*Data listing:*
---

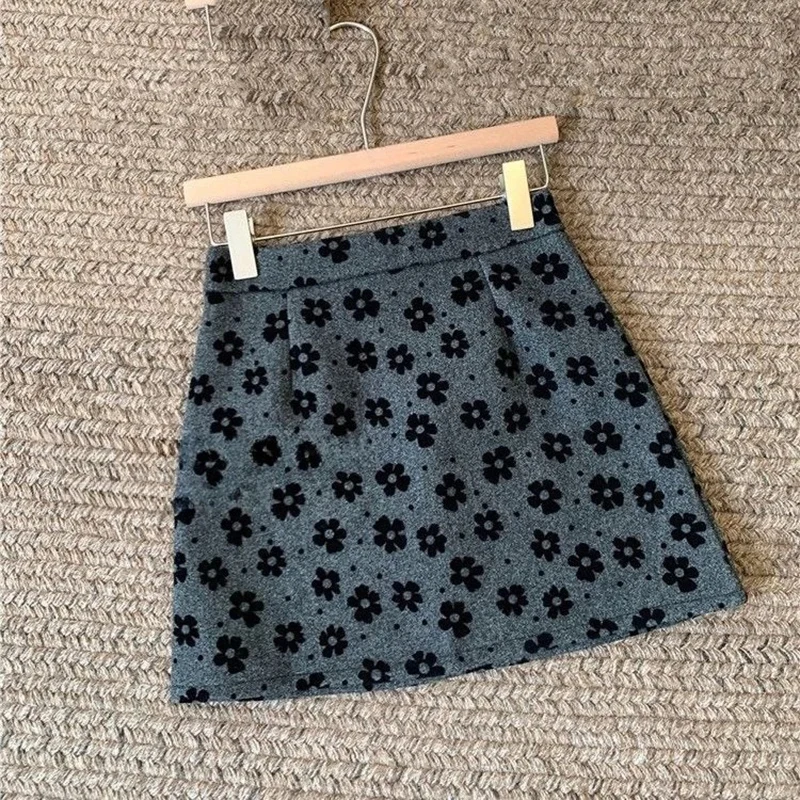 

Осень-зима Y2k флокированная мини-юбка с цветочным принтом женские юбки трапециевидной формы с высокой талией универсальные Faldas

---

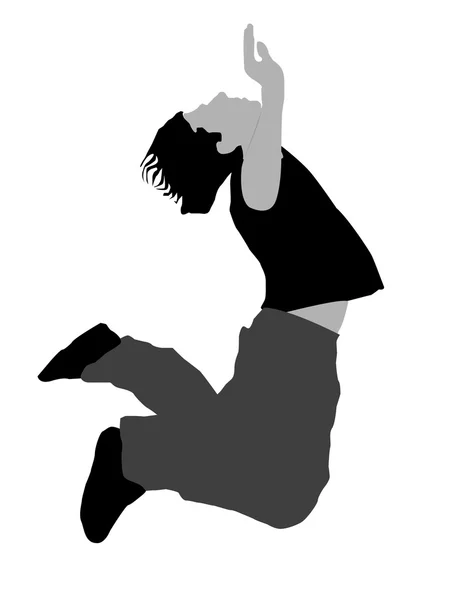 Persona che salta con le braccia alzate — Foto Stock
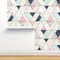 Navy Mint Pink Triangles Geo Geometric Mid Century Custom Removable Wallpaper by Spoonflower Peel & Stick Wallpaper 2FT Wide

---

*Description of the task:* In the entries above, find the line containing "Persona che salta" and the line containing "Navy Mint Pink", then copy both and every line between them exactly, without any picture.

*Your solution:*
 Persona che salta con le braccia alzate — Foto Stock
 Navy Mint Pink Triangles Geo Geometric Mid Century Custom Removable Wallpaper by Spoonflower Peel & Stick Wallpaper 2FT Wide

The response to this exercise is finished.